SS Henry L. Benning was a Liberty ship built in the United States during World War II. She was named after Henry L. Benning, a senior officer of the Confederate States Army in the American Civil War. Benning also was a lawyer, legislator, and associate judge on the Georgia Supreme Court.

==Construction==
Henry L. Benning was laid down on 12 January 1943, under a Maritime Commission (MARCOM) contract, MCE hull 946, by the Bethlehem-Fairfield Shipyard, Baltimore, Maryland; she was sponsored by Miss Ann A. Thoron, granddaughter of Henry Benning, and launched on 22 February 1943.

==History==
She was allocated to the Cosmopolitan Shipping Co., Inc., on 9 March 1943.
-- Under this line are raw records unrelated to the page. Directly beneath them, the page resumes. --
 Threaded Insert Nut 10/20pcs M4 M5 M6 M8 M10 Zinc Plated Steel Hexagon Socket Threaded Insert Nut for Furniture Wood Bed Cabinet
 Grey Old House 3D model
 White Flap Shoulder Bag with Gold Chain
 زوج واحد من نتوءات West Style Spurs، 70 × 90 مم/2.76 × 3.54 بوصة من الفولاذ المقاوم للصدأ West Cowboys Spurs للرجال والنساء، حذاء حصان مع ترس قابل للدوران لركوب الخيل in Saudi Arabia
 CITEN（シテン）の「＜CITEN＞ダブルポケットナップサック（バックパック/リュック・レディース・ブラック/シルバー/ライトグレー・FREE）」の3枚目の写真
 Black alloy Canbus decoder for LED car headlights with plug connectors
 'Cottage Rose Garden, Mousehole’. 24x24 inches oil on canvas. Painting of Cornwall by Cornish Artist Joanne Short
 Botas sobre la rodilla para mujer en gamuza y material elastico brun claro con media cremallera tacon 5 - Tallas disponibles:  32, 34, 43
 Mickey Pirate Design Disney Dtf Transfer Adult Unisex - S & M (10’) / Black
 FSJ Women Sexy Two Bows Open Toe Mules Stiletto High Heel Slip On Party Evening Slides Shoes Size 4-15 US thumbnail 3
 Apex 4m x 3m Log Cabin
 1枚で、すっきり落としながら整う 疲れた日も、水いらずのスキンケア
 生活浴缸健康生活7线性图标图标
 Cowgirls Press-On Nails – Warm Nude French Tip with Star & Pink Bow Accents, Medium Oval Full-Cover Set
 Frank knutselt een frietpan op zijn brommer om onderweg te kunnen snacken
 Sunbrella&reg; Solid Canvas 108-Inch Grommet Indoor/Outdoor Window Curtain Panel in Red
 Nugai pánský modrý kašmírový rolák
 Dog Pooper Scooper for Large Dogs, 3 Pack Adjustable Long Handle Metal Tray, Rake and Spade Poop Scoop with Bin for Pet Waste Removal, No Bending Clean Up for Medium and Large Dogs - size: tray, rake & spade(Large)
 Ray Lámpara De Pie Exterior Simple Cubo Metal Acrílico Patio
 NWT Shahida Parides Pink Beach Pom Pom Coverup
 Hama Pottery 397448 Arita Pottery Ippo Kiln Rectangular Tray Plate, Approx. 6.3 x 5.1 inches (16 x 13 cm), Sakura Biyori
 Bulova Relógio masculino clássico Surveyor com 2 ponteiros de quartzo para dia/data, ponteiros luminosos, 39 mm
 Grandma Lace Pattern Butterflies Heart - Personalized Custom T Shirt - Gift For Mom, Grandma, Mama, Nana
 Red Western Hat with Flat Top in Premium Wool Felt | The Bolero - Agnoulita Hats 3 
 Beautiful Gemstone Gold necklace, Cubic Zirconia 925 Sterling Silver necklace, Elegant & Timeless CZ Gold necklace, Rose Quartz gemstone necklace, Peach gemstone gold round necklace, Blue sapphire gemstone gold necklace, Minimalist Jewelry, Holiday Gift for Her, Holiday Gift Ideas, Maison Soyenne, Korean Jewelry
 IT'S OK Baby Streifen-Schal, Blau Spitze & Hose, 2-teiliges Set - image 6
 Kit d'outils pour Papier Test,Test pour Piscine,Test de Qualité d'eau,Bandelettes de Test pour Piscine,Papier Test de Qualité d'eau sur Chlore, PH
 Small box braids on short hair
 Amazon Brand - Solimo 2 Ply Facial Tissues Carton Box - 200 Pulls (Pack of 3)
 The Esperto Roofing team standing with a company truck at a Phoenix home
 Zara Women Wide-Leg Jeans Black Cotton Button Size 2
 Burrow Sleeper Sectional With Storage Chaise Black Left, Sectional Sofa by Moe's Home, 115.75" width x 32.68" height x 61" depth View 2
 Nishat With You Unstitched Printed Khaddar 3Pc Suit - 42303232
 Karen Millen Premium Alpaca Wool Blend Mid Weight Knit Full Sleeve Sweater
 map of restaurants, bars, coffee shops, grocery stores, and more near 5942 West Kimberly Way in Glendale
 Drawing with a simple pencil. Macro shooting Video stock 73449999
On 5 February 1946, she was laid up in the James River Reserve Fleet, in Lee Hall, Virginia, with $29,854, worth of damages. She was delivered to the Operations Department, on 12 February 1947. On 23 February 1948, she was laid up in the Wilmington Reserve Fleet, in Wilmington, North Carolina. On 30 January 1951, she was sold to A. H. Bull Steamship Co.. She was renamed Dorothy, and later renamed Emma, 27 October 1961. On 11 October 1962, she was sold and reflagged in India, and renamed Nanak Jayanti, she was scrapped in December 1967.